Does a turntable with a motor outside the plinth sound better than one with the motor inside? If poorly designed, then yes (see above). If well-designed, it makes no difference.

Motor Controller

Briefly, the controller must be matched to the motor, period.

Controller Unit

This is my crown jewel — a microcontroller-based unit that I programmed myself. My modest programming experience resulted in just over 1000 lines of code. What does this microcontroller do?

● Checks the processor’s serial numbers (in case someone tries to copy the gadget to another microcontroller). If they don’t match, the device won’t start. Access to the code is also locked — it’s a black box.

● Checks the status of buttons or knobs and lights them accordingly.

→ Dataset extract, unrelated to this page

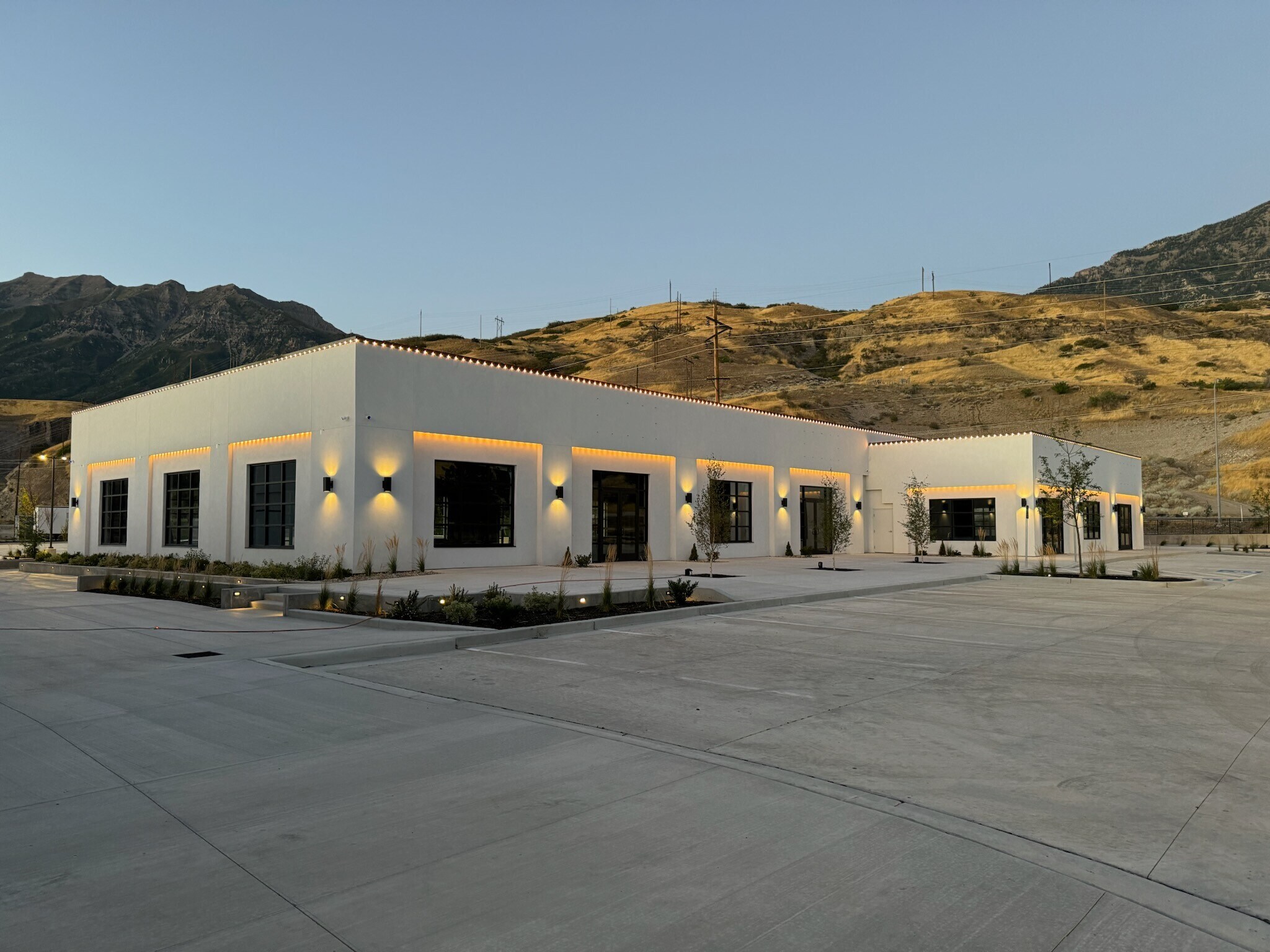 5609 N University Ave, Provo, UT à louer Photo principale– Image 1 sur 6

● Remembers the last speed settings (value for the digital potentiometer).

● Ensures soft start and stop of the drive — to avoid belt wear and bearing strain. The start time in the Immersion model is about 7 seconds, in the Odyssey up to 20 seconds. No need to push the platter by hand, which is important.

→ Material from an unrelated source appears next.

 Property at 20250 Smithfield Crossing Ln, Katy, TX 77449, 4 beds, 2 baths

● Provides variable motor torque after reaching the correct speed.

● Primarily, it independently controls speed accuracy in an open loop and makes corrections. No external device communicating with the motor is needed to temporarily catch the correct speed. In the case of BLDC motors (and possibly others), constant speed control is necessary because the motor tends to accelerate after a brief startup. Corrections are made at a 12-bit level at 3.3 volts. Those curious can calculate the level of a single increment.

Drive Pulley

This result is from many hours of observation and research. The pulleys are made with an accuracy of up to 5 microns (measured on the motor’s rotation).

Belt

I use custom-cast belts with a round cross-section made of several different materials. In the Immersion model, it’s EPDM and NBR (both included). In the Odyssey, it’s a different material and cross-section. Historically, chloroprene belts performed best, but they had to be glued and sometimes came apart. They are now obsolete.

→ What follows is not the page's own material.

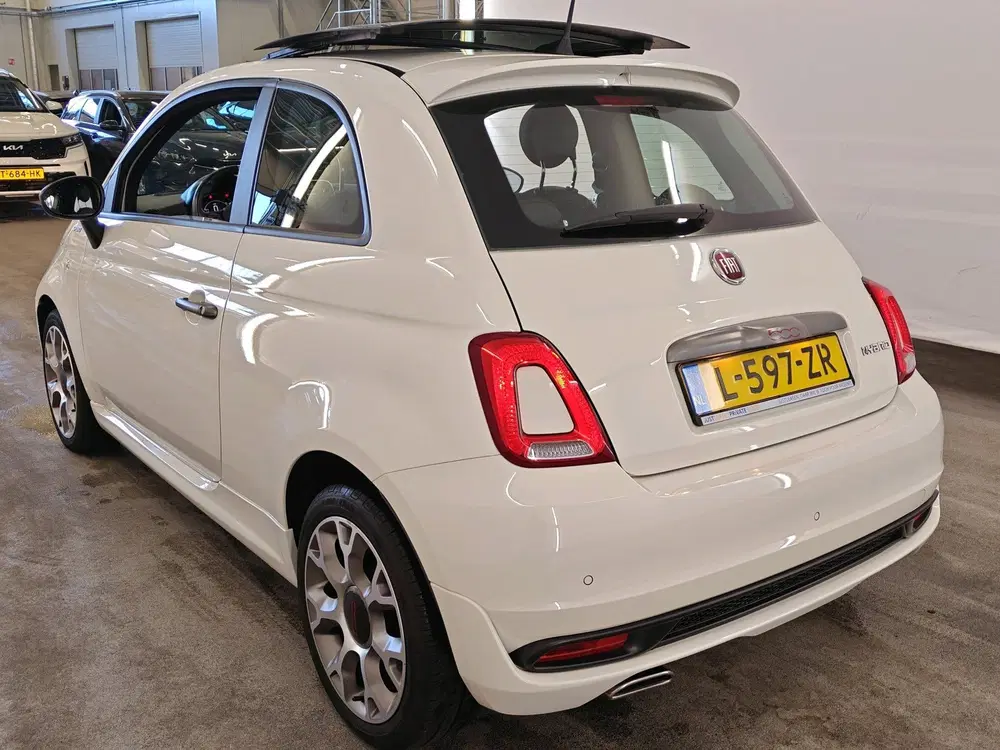 Fiat 500 1.0 Hybrid 70pk Sport uit 2021, foto 2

Belts significantly impact rotational quality and have a crucial task — compensating for the variable linear speed of the drive shaft relative to the platter axis caused by motor vibrations. For this reason, flexible belts should be used instead of so-called rigid ones. Regarding “rigid” belts, there are often misconceptions. In the case of rigid materials like steel, reducing the cross-section of the element minimizes the transmission of shock waves between individual elements — a good example is common spikes. This theory does not apply to drive belts because they are not rigid but non-stretchable, which is different. A non-stretchable belt — regardless of its cross-section — beautifully transmits vibrations (speed variations) from the motor to the platter. I avoid such belts. 

Bearing and Platter

These elements are made as a single set. The method of making the bearing and platter involves long-developed technology closely related to machining principles, specific machinery, and materials. In machined elements, it is crucial to make them from a single setup. Those familiar with turning and CNC will know what I mean. In any case, the bearing requires manual polishing after production — a task I do myself, and the technology took quite a while to develop. The effect is both visible and audible.

Oil

The bearing must be properly lubricated — there’s no room for improvisation. The lubricant, in this case, oil with appropriate parameters, must be suited to the working conditions, materials, and clearances. Here’s a secret: achieving smooth rotation isn’t about eliminating friction in the bearing. It’s not about having the platter spin for two days, as that doesn’t guarantee good performance. Remember, under working conditions, there’s a record on the platter and a needle dragging over it with variable force, trying to disrupt the platter’s steady rotation. This must be countered, and one element of the defense system is the proper oil and constant, so-called fluid friction.

Other Elements

What about magnetic suspension, magnetic transmission, air cushions, batteries, 4×4 drives, etc.? For those you’ll have to ask someone else.